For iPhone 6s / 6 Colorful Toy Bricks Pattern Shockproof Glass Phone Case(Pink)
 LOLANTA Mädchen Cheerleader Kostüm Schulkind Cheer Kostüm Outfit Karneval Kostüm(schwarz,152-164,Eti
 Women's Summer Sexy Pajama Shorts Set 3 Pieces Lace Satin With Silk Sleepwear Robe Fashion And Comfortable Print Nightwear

Problem requirements — Please reproduce each line above exactly as written.

Solution to this problem —
For iPhone 6s / 6 Colorful Toy Bricks Pattern Shockproof Glass Phone Case(Pink)
 LOLANTA Mädchen Cheerleader Kostüm Schulkind Cheer Kostüm Outfit Karneval Kostüm(schwarz,152-164,Eti
 Women's Summer Sexy Pajama Shorts Set 3 Pieces Lace Satin With Silk Sleepwear Robe Fashion And Comfortable Print Nightwear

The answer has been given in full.